Force is still strong as The Empire is marked for registry

Published Dec 30, 2010

Share

Darth Vader proclaiming he’s Luke Skywalker’s father, John Travolta preening in his underwear and an early 20th-century deaf activist communicating in sign language are among the images that will be preserved by the Library of Congress as part of its National Film Registry.

The 25 films selected this year include The Empire Strikes Back, the 1980 sequel to Star Wars that many critics and fans consider the best of George Lucas’s six Star Wars films. Empire shocked moviegoers with the revelation that masked villain Vader was the father of hero Skywalker.

While Lucas didn’t direct Empire – he entrusted it to the late Irvin Kershner – he had another film selected for the registry: the student short Electronic Labyrinth: THX 1138 4EB. Lucas’s Star Wars and American Graffiti are also among the 550 titles in the registry.

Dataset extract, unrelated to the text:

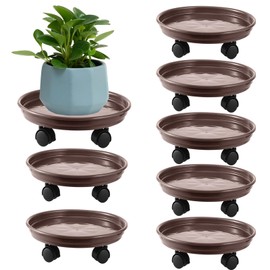 7 Packs Plant Caddy with Wheels 11.8" Plastic Rolling Plant Stands Heavy-duty Plant Dolly with Casters Indoor Outdoor Wheeled Plant Roller Base Large Planter Saucers Plant Mover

The Library of Congress announced the selections early on Tuesday. The goal of the registry, which began in 1989, isn’t to identify the best movies yet made, but to preserve films with artistic, cultural or historical significance.

Librarian of Congress James Billington has chosen each of the films in the registry, culling them from suggestions by the National Film Preservation Board and the public. More than 2 100 films were nominated by the public this year.

Original copies of films picked for the registry are kept safe and available for viewing by future generations. The library acquires copies to preserve in its cold-storage vaults among millions of other recordings at the Packard Campus of the National Audio-Visual Conservation Center in Virginia.

Film can rapidly deteriorate if improperly stored. About half the films produced before 1950 and 90 percent of those made before 1920 had been lost, Billington said.

This year’s selections also include Saturday Night Fever, John Badham’s 1977 disco musical starring Travolta as Tony Manero, the working-class youth known for his impressive moves on the dance floor at a Brooklyn nightclub.

It’s one of five selections from the 1970s. The others are Robert Altman’s revisionist Western McCabe & Mrs Miller; William Friedkin’s horror classic The Exorcist; All the President’s Men, Alan J Pakula’s adaptation of the book by Bob Woodward and Carl Bernstein, and Grey Gardens, a documentary about Jacqueline Kennedy Onassis’s eccentric relatives.

The selections date back to 1891, with one of the first motion pictures to be made: Newark Athlete, a short film of a teenager swinging Indian clubs, an exercise aid. The film was made at the Edison Laboratory in West Orange, New Jersey, by two pioneers of motion-picture camera technology.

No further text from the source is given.